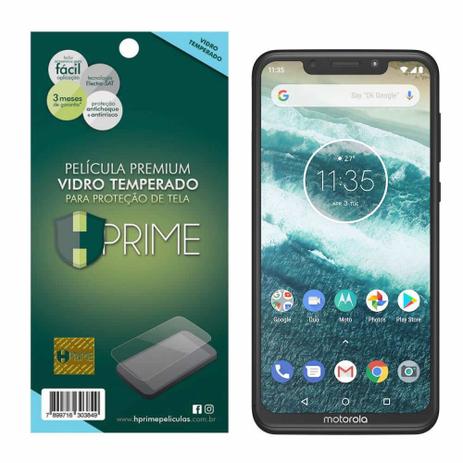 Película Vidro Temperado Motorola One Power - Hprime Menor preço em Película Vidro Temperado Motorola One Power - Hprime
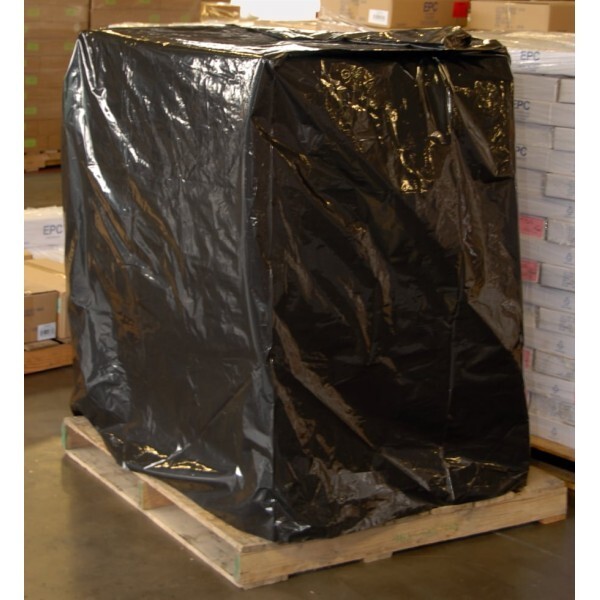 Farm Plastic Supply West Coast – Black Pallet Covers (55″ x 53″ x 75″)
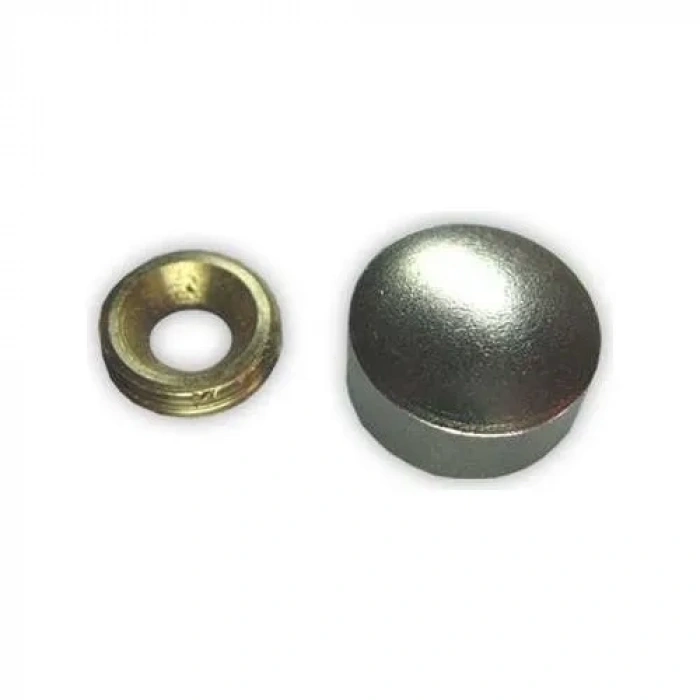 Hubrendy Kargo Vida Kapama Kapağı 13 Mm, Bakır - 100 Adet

==

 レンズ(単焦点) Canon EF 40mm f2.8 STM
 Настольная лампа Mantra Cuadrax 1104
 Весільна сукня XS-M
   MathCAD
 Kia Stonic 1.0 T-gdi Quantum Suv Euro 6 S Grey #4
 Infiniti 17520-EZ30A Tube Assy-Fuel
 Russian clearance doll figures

#### [DESCRIPTION OF THE TASK]
Output exactly the stretch of the listing that begins at the line containing "Película Vidro Temperado Motorola One Power - Hprime Menor" and ends at the line containing "Hubrendy Kargo Vida", both kept. Omit pictures and everything else.

#### [PROBLEM SOLUTION]
 Película Vidro Temperado Motorola One Power - Hprime Menor preço em Película Vidro Temperado Motorola One Power - Hprime
 Farm Plastic Supply West Coast – Black Pallet Covers (55″ x 53″ x 75″)
 Hubrendy Kargo Vida Kapama Kapağı 13 Mm, Bakır - 100 Adet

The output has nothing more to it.